In that sense, Theatre 2016 was one of the best arguments for robust arts funding that I’ve seen in a really long time. The event excluded the poorer, the disabled, the non-white, the young, the disenfranchised and the radical. Not because its organisers consciously sought to do so, but because that is what commercial market economics does. The whole thing could be billed as a durational ensemble performance offering an immersive cautionary tale meditating on the nature of the arts in a dystopian post-funding future. I’d probably buy a ticket to that piece. But not for £235.
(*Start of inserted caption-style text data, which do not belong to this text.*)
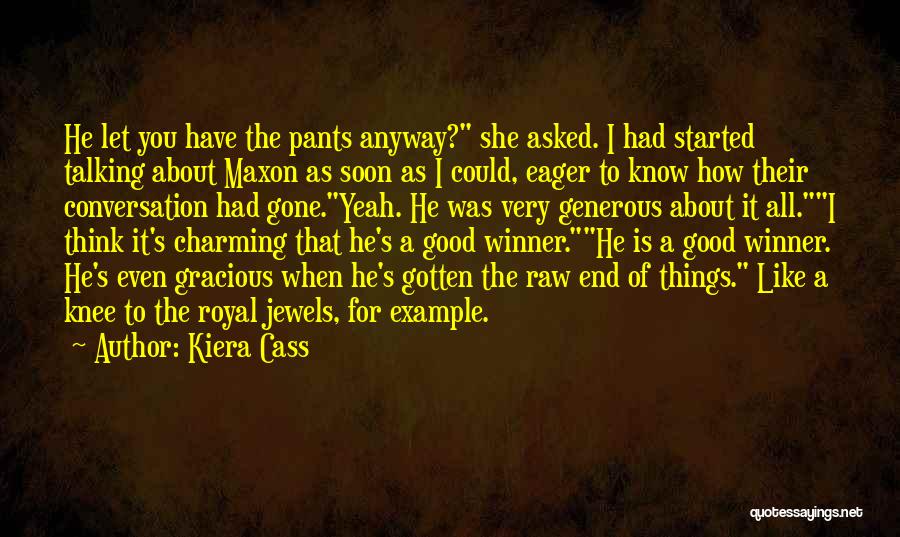 Kiera Cass Quotes: He Let You Have The Pants Anyway? She Asked. I Had Started Talking About Maxon As Soon As I Could,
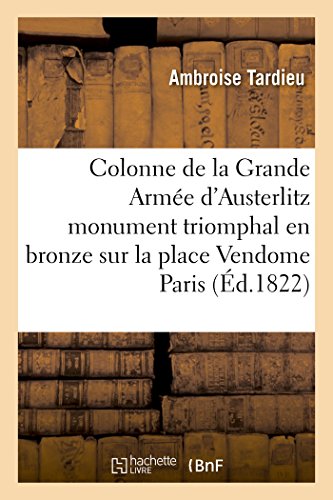 Beispielbild fr La Colonne de la Grande Arme d'Austerlitz Ou de la Victoire Monument Triomphal: Erig En Bronze Sur La Place Vendome de Paris (Arts) (French Edition) zum Verkauf von Lucky's Textbooks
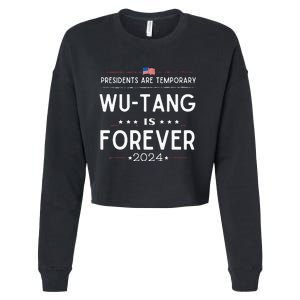 Presidents Are Temporary W.U.T.A.N.G Is Forever 2024 Cropped Pullover Crew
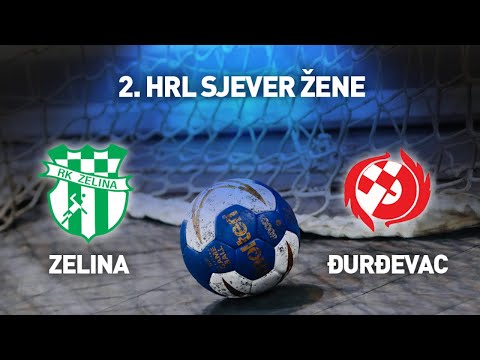 ŽRK Zelina vs ŽRK Đurđevac I 9. kolo I 2. HRL Sjever - Žene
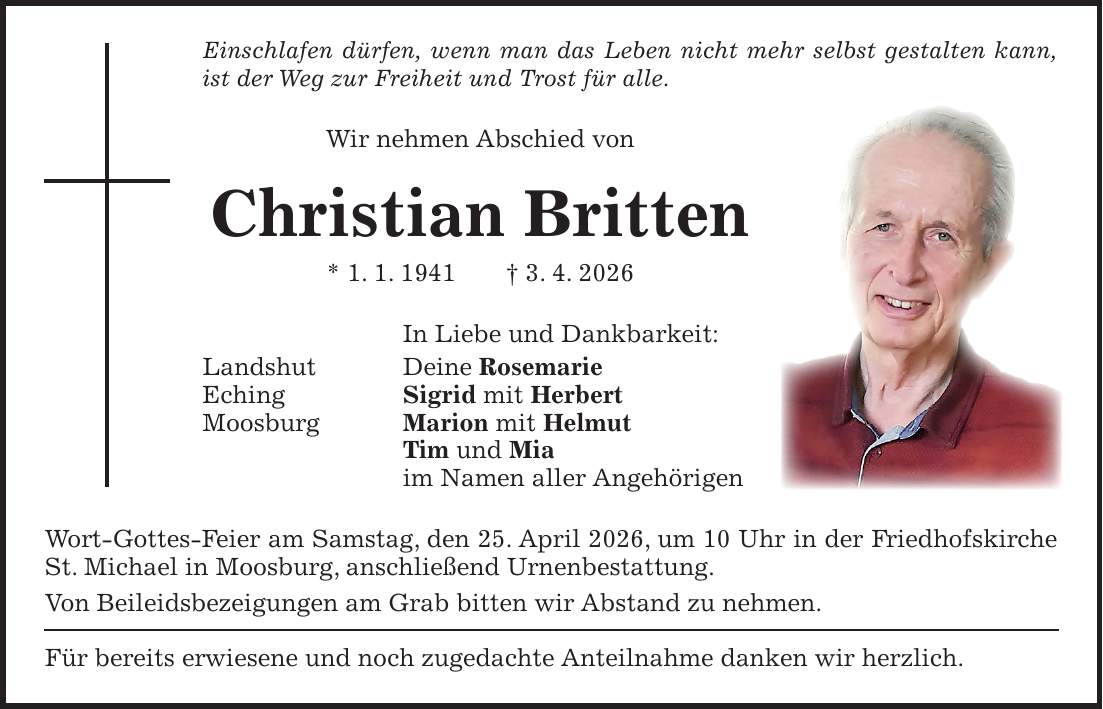 Einschlafen dürfen, wenn man das Leben nicht mehr selbst gestalten kann, ist der Weg zur Freiheit und Trost für alle. Wir nehmen Abschied von Christian Britten * 1. 1. 1941 + 3. 4. 2026 In Liebe und Dankbarkeit: Landshut Deine Rosemarie Eching Sigrid mit Herbert Moosburg Marion mit Helmut Tim und Mia im Namen aller Angehörigen Wort-Gottes-Feier am Samstag, den 25. April 2026, um 10 Uhr in der Friedhofskirche St. Michael in Moosburg, anschließend Urnenbestattung. Von Beileidsbezeigungen am Grab bitten wir Abstand zu nehmen. Für bereits erwiesene und noch zugedachte Anteilnahme danken wir herzlich.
In my speech, I talked about the need for theatre organisations in buildings to re-examine the habitual hierarchies; to find ways to democratise their spaces and be generous with their resources. I talked about how easy it is to ossify behind the walls of a building and how vital it is to acknowledge when buildings have outlived their usefulness; to embrace renewal and innovation. Earlier in the day, the ever-insightful David Lockwood from the Bike Shed in Exeter had used the metaphor of a forest fire being part of a healthy ecology to make a similar point, and I borrowed his words to drive the point home.
For me, nothing I said was new or, pardon the pun, incendiary. In my tribe, it’s acknowledged that many building based organisations lack the nimble responsiveness of more peripatetic companies. I had naively thought that that understanding extended across the ecology. But here were people of different theatre tribes, with different assumptions and different experiences. For some of the delegates in the audience, my thoughts on the value of buildings were offensive, and upsetting; threatening to undermine their own decades of hard work to protect and preserve the theatres they loved. For them, there was nothing I could say that could persuade them of the need to embrace change. It was as though I was speaking a different language.
I’m used to working in contexts where innovation is almost universally regarded as a good thing; where theatre is seen as a tool to come together to think newly shaped thoughts. And while I understood that not all sectors of the ecology had the same priorities, I had assumed that we were likely to share a common language and understanding of the value of theatre and the arts.
But my experience at Theatre 2016 has me questioning that assumption. The conversations that I was part of were characterised by a lack of shared language or collective values. I was shocked to hear a participant, in the panel discussion I was part of, say that even if public subsidy were to end the commercial sector would flourish. While I rushed to point out that most theatre makers learn their craft through working in the subsidized sector, what disturbed me the most was the realization that we were much further apart than I’d thought. If we can’t all agree on the fundamental values and ethics that underpin our ecology then how can we possibly work together to help it thrive?
So, while I’d begun my visit to Theatre 2016 feeling weird because of the way it excluded so much of the sector, I left more concerned by the lack of unity within the theatre world. The problematic elements of Theatre 2016 are merely symptomatic of an ideological schism within our industry that, unchecked, threatens to undermine our ability to sustain it.